The package was developed to simply our work in project “HiQBioDiv: High-resolution quantification of biodiversity for conservation and management” funded by the Latvian Council of Science (Ref. No. VPP-VARAM-DABA-2024/1-0002) and to ease reproduction of our work. Five of the functions are strictly for replication, while others are useful for wider audience (see documentation and articles).

Athough all georeferenced data can be considered geodata, in this material we use the following terms in the order listed below in our workflows:

  • raw geodata - considered as raw data obtained for a harmonised description of the environment. This may include tables with coordinates, raster or vector data. It can be anything that has been or can be used to create ecogeographical variables, with or without slight processing.

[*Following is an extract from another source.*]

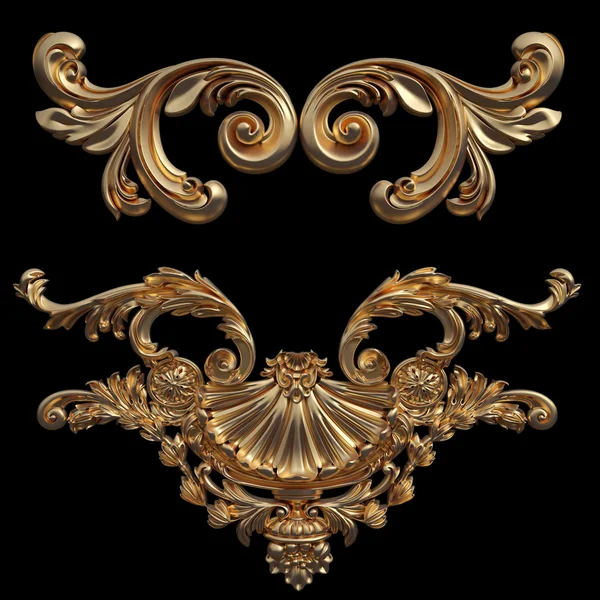 Ornamento in oro su sfondo nero — Foto Stock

  • geodata product - processed raw geodata that have undegone heavy modifications, e.g. spatial overlays and combinations of different sets of raw geodata, and are used as input data. In this document, geodata products are categorical raster layers that match the CRS and the pixel locations of input data. When split by categories, they become input data. The processing step of creating geodata products is necessary when decisions about the order of spatial overlays are important. For example, in a high-resolution pixel, there can only be water or forest, if the edge between water and forest need to be calculated.

  • input data or input layers - very-high resolution (multiple times higher than that used for ecogeographical variables) raster data that are the direct input for the creation of most of the ecogeographical variables. The creation of such layers is particularly useful alongside geodata products, as dealing with border misalignment or decisions regarding the order of spatial o verlays, as well as simple geoprocessing, is much faster with raster data.

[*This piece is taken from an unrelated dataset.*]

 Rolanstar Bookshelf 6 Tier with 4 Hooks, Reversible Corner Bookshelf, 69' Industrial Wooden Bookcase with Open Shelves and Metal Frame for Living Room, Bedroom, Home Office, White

  • ecogeographical variables (EGVs) - this is the final product of the workflow describing environment for statistical analysis (e.g. species distribution modelling). They are suitable also for publishing due to standadisation of the values. In other words, these are standardised landscape ecological variables in the form of high-resolution raster layers.

Installation

You can install the development version of egvtools from GitHub with:

# install.packages("pak")
pak::pak("aavotins/egvtools")

Usage

Functions in this package can be devided in two parts with extra intermediate wrapper:

  1. helper functions to prepare analysis templates for reproduction:
  1. intermediate wrapper around terra::ifel():
  • create_backgrounds() — build consistent background rasters, guarding spatial cover, resolution, coordinate reference system, exact pixel matching, etc.;
  1. core analysis functions - small workflows, that are easily generalizable to other areas or usecases. Every function guards spatial cover, resolution, coordinate reference system, exact pixel matching, etc.:
  • polygon2input() — rasterize polygons to ultra-high-resolution template, handle background/mask;

  • input2egv() — normalize/align ultra-high-resolution inputs to broader-resolution EGV output rasters with guards to template;

  • downscale2egv() — downscale coarse rasters to template grid and optionally smooth with IDW;

  • distance2egv() — distances to features in inputs, summarised to EGV resolution with optional gap filling at the edges;

  • landscape_function() — landscape-level per-zone metrics, tiled.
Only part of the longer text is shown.